Australian Megafauna



Evidence of the former existence of the Australian megafauna was known by the Aborigines, and was soon discovered by the earliest European settlers. A large collection of fossils from Wellington Caves, west of Sydney, was sent to England by Major Thomas Mitchell in 1831 for examination by the renowned Sir Richard Owen. Other specimens were sent by Leichardt, Strzelecki and Goyder, and Owen was progressively able to identify a number of large, extinct marsupials and birds. The newly established Australian museums became involved in subsequent decades, and their work has continued to the present, with major excavations of fossils from sites in most states.

Evidence has emerged that it was harsh climate, and not human habitation of the continent, that was the slayer of the car-sized wombats, 2.5-metre tall kangaroos, sheep-sized echidnas and other extra-large beasts that once roamed the outback, according to Queensland University of Technology research.
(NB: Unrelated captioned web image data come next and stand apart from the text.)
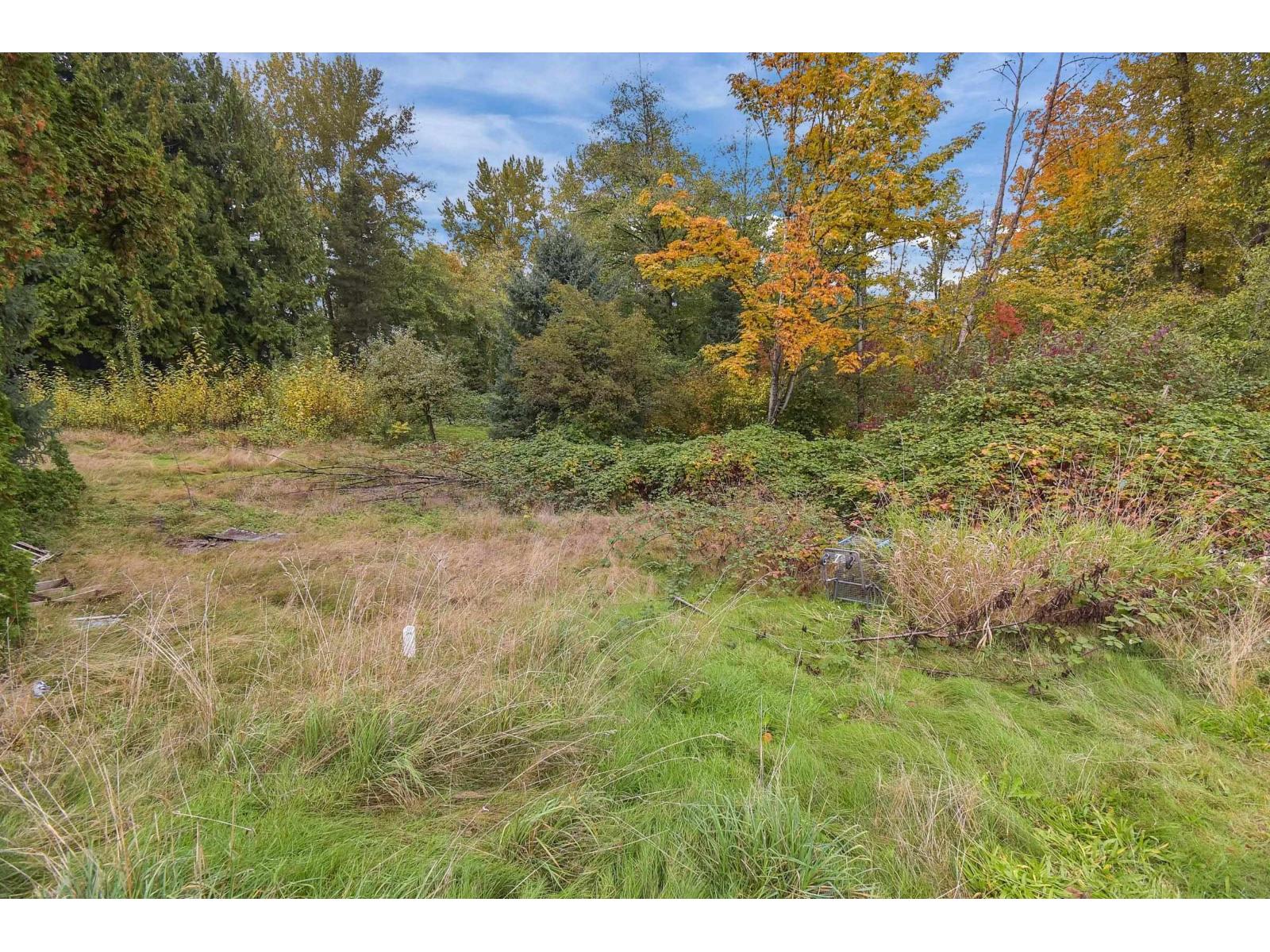 14409 115 Avenue, Surrey, British Columbia  V3R 5Y2 - Photo 7 - R3053543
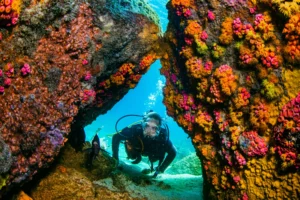 Scuba Diving in Rio de Janeiro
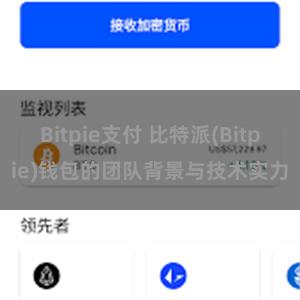 Bitpie支付 比特派(Bitpie)钱包的团队背景与技术实力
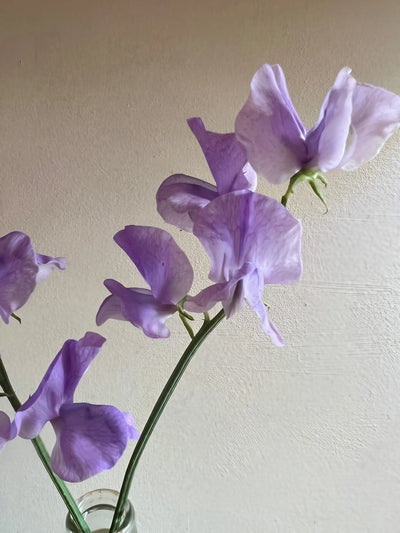 Sweet Pea Leamington by Bishy Barnabees Cottage Garden features delicate lavender-lilac Spencer type blooms with ruffled petals and slender green stems in a glass vase, adding soft elegance to any setting against a gently lit beige backdrop.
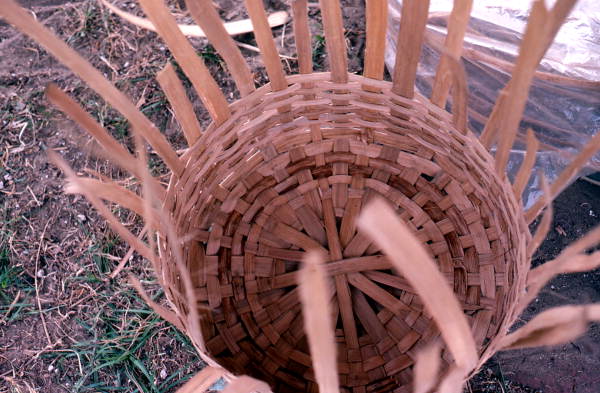 White oak basket being woven by Lucreaty Clark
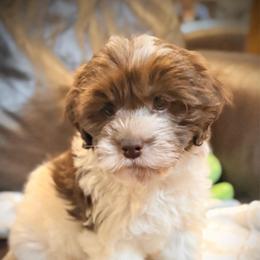 Hershey - Chocolate and white male Havapoo puppy in Lancaster, South Carolina from 3 Bs Havanese-PUPPIES with  PURPOSE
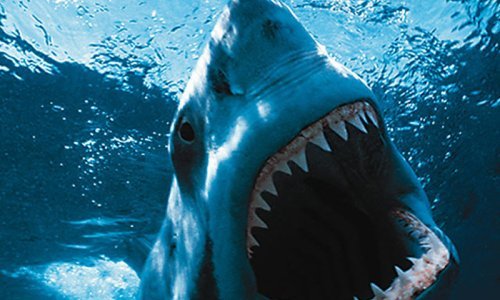 Oprez! Povlači se file morskog psa zbog velike količine žive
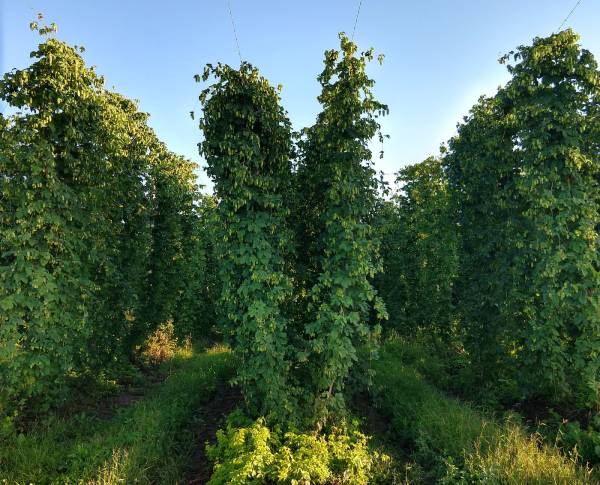 Minnesota's Craft Brewers Are Warming to Minnesota-Grown Hops Photo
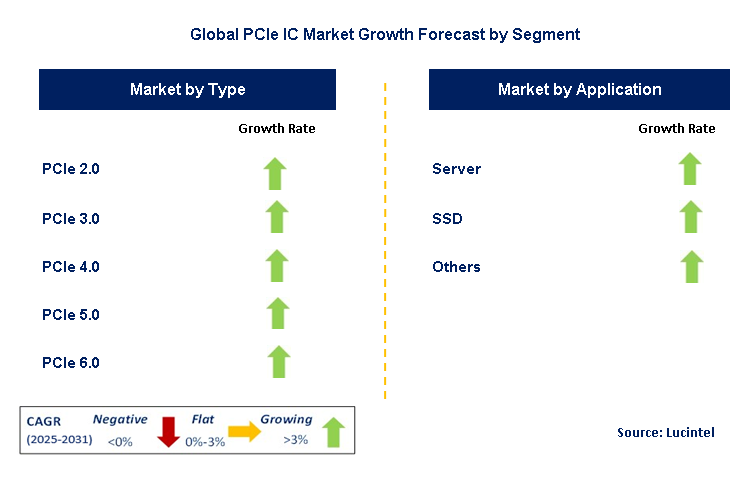 PCIe IC Market by Segment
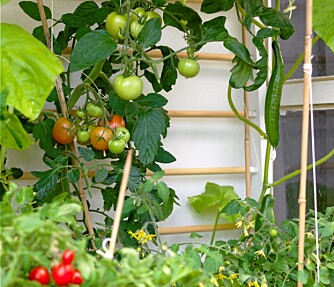 Tomater er egnet, men langt fra det mest eksotiske du kan dyrke i drivhus.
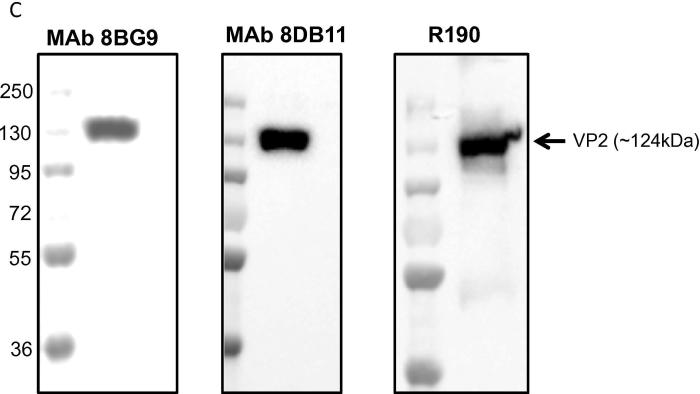 Fig. 1C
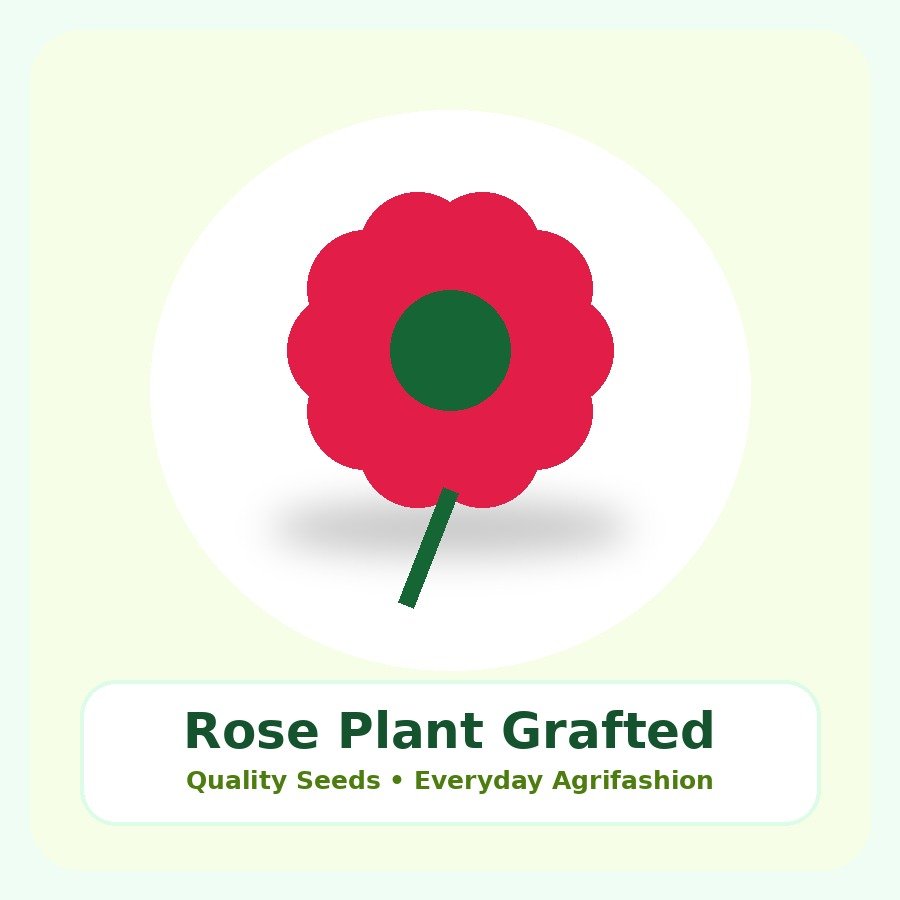 Rose Plant Grafted Plant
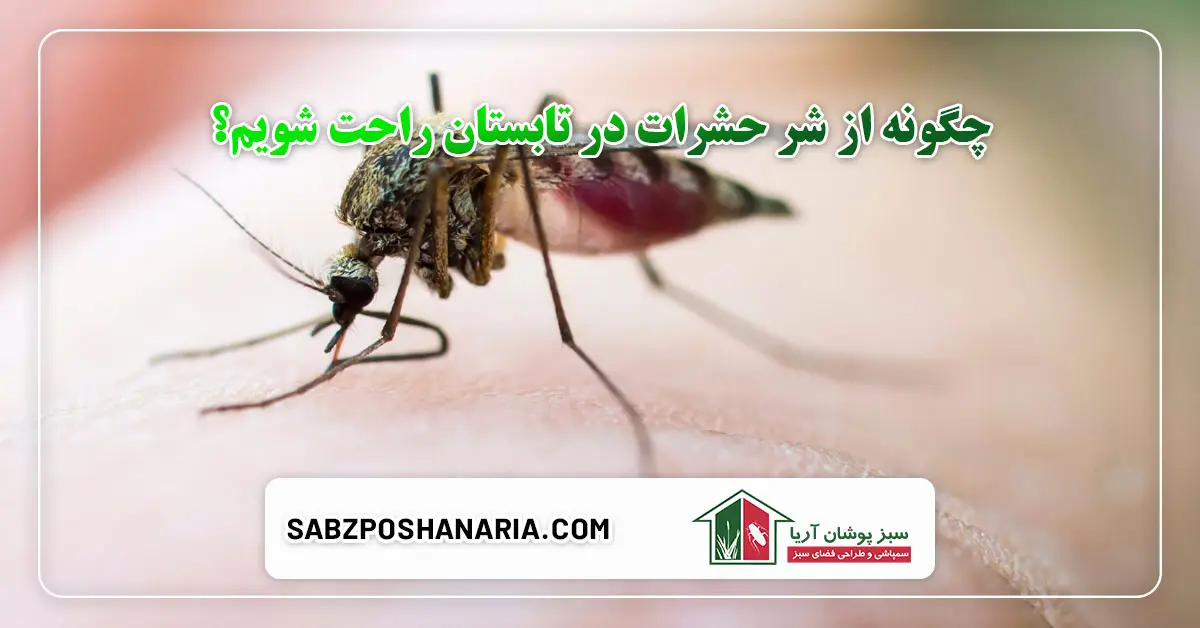 چگونه از شر حشرات در تابستان راحت شویم؟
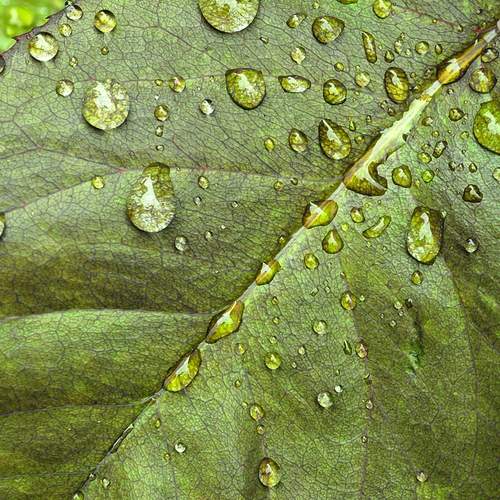 Photo #12577283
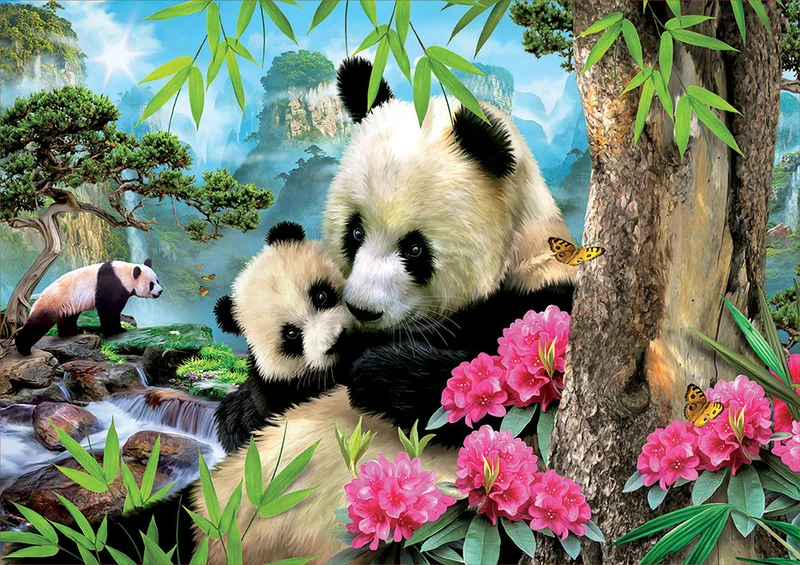 Morning Panda, Howard Robinson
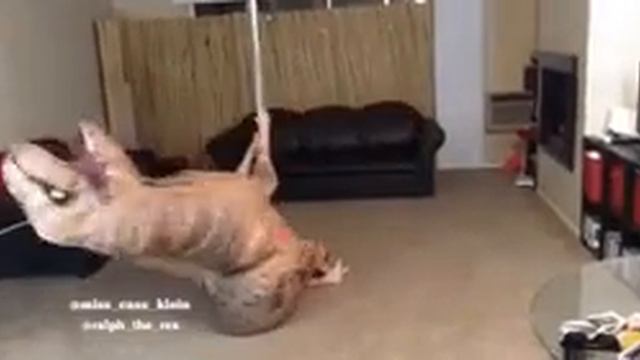 пов:моя мама в 19 лет #мем# mem смотреть онлайн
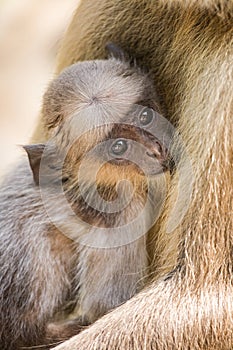 Gray Langur Monkey Presbytis entellus near Rajastan India Asia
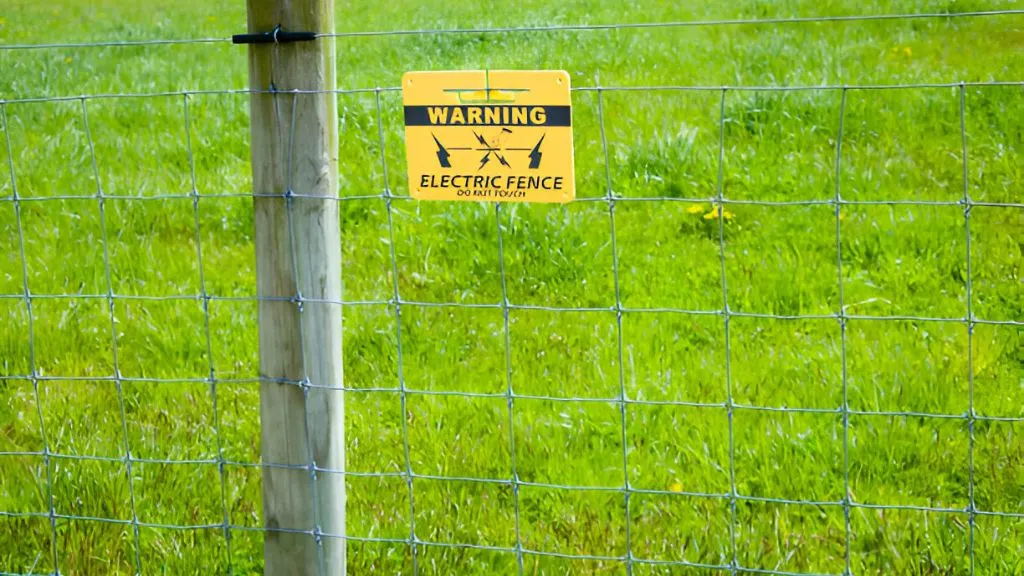 Electric Wire Fence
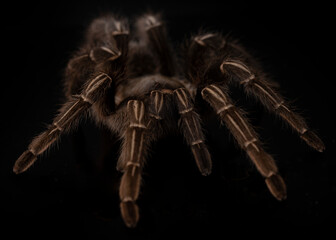 Stripe Knee Tarantula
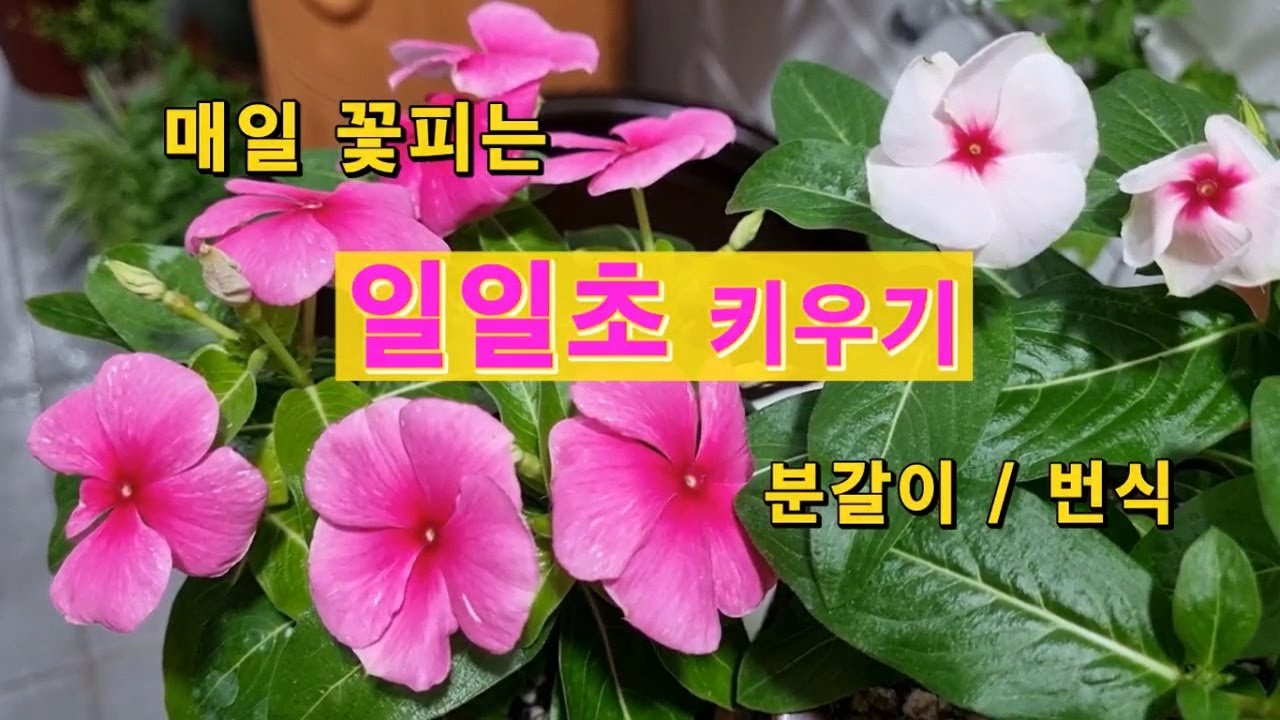 매일 꽃피는 일일초키우기,분갈이,삽목,씨앗번식법을 소개합니다. How to grow & care vinca/ madagascar periwinkle.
Gilbert Price and Gregory Webb, in the Australian Journal of Earth Sciences, said that Queensland megafauna of the Pleistocene era was already drought-stressed before going the way of the dodo. The new study backs the findings of a Melbourne-La Trobe university team which announced in August that megafauna at Lake Menindee, in western NSW, was already extinct before humans arrived in that region. Both studies contradict the view of Australia's high-profile scientist and intellectual, Tim Flannery, that early Aborigines wiped out Australia's megafauna.

The Queensland researchers unearthed and studied megafauna remains from the Queensland region of Darling Downs, which borders New South Wales, at the Kings Creek catchment. "No evidence of human interaction with pleistocene remains was observed in the site or in other nearby sites," says their article. "The apparent progressive megafaunal extinction on the Darling Downs does not support a sudden 'blitzkrieg' model resulting from human hunting. The gradual demise … is most parsimoniously attributed to increasing aridity in southeastern Queensland."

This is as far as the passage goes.